Victorian touring cyclists from Britain often complained about the rough granite setts used in Belgium, setts now famous as the pavé to be found on about 50kms of today’s Paris-Roubaix road race. 19th Century cyclists preferred macadam surfaces (small stones bound with dust) or, for speed, wooden planking, which was found in the posher urban areas. The picture above comes from a pamphlet issued in 1900 by the Roads Improvement Association and showed the proper dimension of stone to be used in macadam roads, and decries the large, sharp stones sometimes found embedded in the macadam.

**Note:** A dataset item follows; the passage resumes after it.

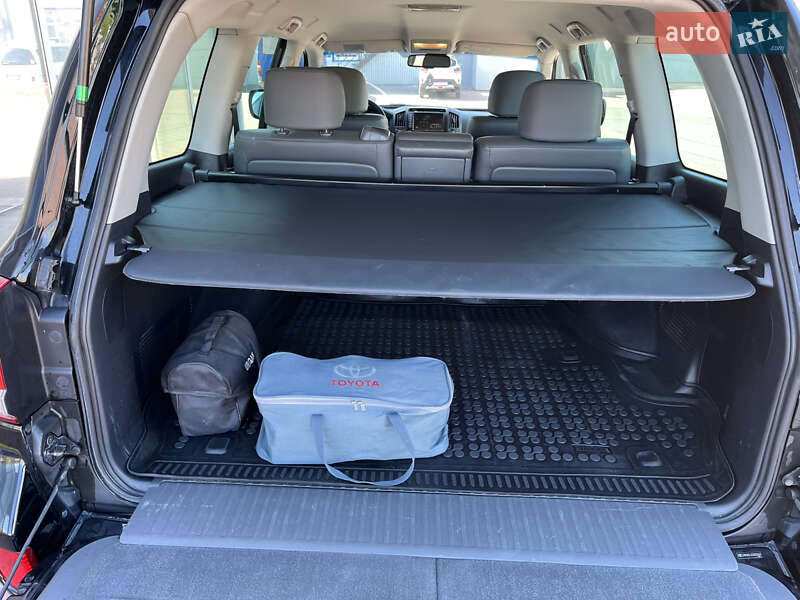 Внедорожник / Кроссовер Toyota Land Cruiser 2008 в Ровно фото 20 Внедорожник / Кроссовер Toyota Land Cruiser 2008 в Ровно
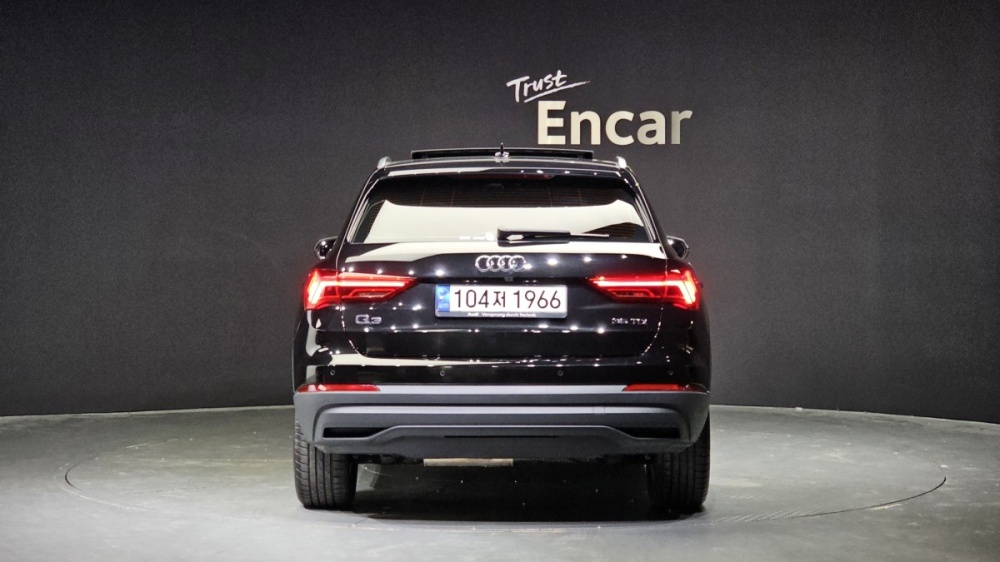 Audi Q3 (F3)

The Roads Improvement Association had been created in 1885 by the Cyclists’ Touring Club and the forerunner to British Cycling. By 1900 it had been joined by motoring interests (the cycling organisations would be later pushed out of the way) and the pamphlet, which was aimed at influencing county surveyors, remarked that granite setts, now a very expensive road treatment and used to demarcate low-speed or historic zones, was at the time one of the cheapest and least desirable ways of surfacing roads.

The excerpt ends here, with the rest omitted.